Hi all,
Attached is a patch i use to get my sparc LX to boot (against 2.4.14).
Without it the SUN does not work. I'm not sure if this is the right way to
fix it, but i fail to see way softirq should be raised again if there are no
enabled tasklets left. Am i missing anything?
The SUN got in a deadlock. The schedule() function didn't return
execution to spawn_ksoftirqd, because ksoftirqd kept on doing do_softirqd to
handle a disabled tasklet (sun_kbd_bh).
Both my i386 and sun4m seem to run stable with this patch.
me
diff -ruN linux-2.4.14/kernel/softirq.c linux/kernel/softirq.c
--- linux-2.4.14/kernel/softirq.c Thu Nov 8 15:58:24 2001
+++ linux/kernel/softirq.c Thu Nov 8 15:59:40 2001
@@ -193,10 +193,9 @@
if (!test_and_clear_bit(TASKLET_STATE_SCHED, &t->state))
BUG();
t->func(t->data);
- tasklet_unlock(t);
- continue;
}
tasklet_unlock(t);
+ continue;
}
local_irq_disable();
On Thursday 08 November 2001 17:36, Mathijs Mohlmann wrote:
> Attached is a patch i use to get my sparc LX to boot (against 2.4.14).

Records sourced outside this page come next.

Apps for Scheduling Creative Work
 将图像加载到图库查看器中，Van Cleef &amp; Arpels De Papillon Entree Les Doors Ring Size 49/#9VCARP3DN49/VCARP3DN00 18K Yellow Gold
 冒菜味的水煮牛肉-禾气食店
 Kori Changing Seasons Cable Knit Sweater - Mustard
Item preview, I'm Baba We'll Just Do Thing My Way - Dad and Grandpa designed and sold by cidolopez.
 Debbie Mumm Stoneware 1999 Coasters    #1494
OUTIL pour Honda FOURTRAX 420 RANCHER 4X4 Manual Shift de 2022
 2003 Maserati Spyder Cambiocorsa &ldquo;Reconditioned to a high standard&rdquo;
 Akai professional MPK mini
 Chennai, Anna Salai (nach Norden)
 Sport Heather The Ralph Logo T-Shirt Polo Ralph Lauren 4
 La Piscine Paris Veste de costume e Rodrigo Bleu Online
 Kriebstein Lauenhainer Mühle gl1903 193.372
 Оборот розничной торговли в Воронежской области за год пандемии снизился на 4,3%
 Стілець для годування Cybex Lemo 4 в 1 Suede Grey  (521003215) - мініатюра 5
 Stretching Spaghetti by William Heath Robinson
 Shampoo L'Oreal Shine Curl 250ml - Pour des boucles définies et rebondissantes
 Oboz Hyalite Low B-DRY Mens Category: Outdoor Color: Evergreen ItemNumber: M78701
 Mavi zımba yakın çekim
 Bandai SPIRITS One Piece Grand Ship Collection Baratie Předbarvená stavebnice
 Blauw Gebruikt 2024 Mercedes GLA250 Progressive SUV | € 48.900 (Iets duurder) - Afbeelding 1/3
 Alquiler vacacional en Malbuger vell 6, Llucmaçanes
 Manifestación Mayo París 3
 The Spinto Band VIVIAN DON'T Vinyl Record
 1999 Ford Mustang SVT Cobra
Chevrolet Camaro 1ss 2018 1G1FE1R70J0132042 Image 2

> Without it the SUN does not work. I'm not sure if this is the right way to
> fix it, but i fail to see way softirq should be raised again if there are
> no enabled tasklets left. Am i missing anything?
Oke, forget that last patch :(
There is however -i feel- an issue to be addressed here. To clarify i wrote a
module. Here it is:
#define MODULE
#include <linux/sched.h>
#include <linux/module.h>
#include <linux/interrupt.h>
void
dummy_lockit(unsigned long nill)
{
printk("doing the lockit\n");
return;
}
DECLARE_TASKLET_DISABLED(lockit, dummy_lockit, 0);
int
init_module(void)
{
printk("going to lock\n");
tasklet_schedule(&lockit);
return(0);
}
void
cleanup_module(void)
{
tasklet_enable(&lockit);
set_current_state(TASK_INTERRUPTIBLE);
schedule_timeout(5*HZ); /* some time to do dummy_lockit */
printk("bye\n");
}
When you insert this in a 2.4.x machine, the CPU ide time will go to 0%. (and
your kernel will be tained ;). When the idletask is trying to boot your
system, this is bad.
Looking at kernel/softirq.c tasklet_action: i don't see:
a) why we have to retry to run a tasklet that is already runnning.
b) when a tasklet is disabled, why we immediately have to a
__cpu_raise_softirq. This will starve the rest of the system.
(we could consider doing __cpu_raise_softirq in tasklet_enable?)
IMHO the following patch will "fix" this. I was unable to test it on a SMP
system, but my SUN4M is running 2.4.14 now!
me
--- linux-2.4.14/kernel/softirq.c Thu Nov 8 15:58:24 2001
+++ linux-sparc/kernel/softirq.c Fri Nov 9 08:19:43 2001
@@ -188,21 +188,19 @@
list = list->next;
- if (tasklet_trylock(t)) {
- if (!atomic_read(&t->count)) {
+ if (!atomic_read(&t->count)) {
+ if (tasklet_trylock(t)) {
if (!test_and_clear_bit(TASKLET_STATE_SCHED, &t->state))
BUG();
t->func(t->data);
tasklet_unlock(t);
- continue;
}
- tasklet_unlock(t);
+ continue;
}
local_irq_disable();
t->next = tasklet_vec[cpu].list;
tasklet_vec[cpu].list = t;
- __cpu_raise_softirq(cpu, TASKLET_SOFTIRQ);
local_irq_enable();
}
}
@@ -222,21 +220,19 @@
list = list->next;
- if (tasklet_trylock(t)) {
- if (!atomic_read(&t->count)) {
+ if (!atomic_read(&t->count)) {
+ if (tasklet_trylock(t)) {
if (!test_and_clear_bit(TASKLET_STATE_SCHED, &t->state))
BUG();
t->func(t->data);
tasklet_unlock(t);
- continue;
}
- tasklet_unlock(t);
+ continue;
}
local_irq_disable();
t->next = tasklet_hi_vec[cpu].list;
tasklet_hi_vec[cpu].list = t;
- __cpu_raise_softirq(cpu, HI_SOFTIRQ);
local_irq_enable();
}
}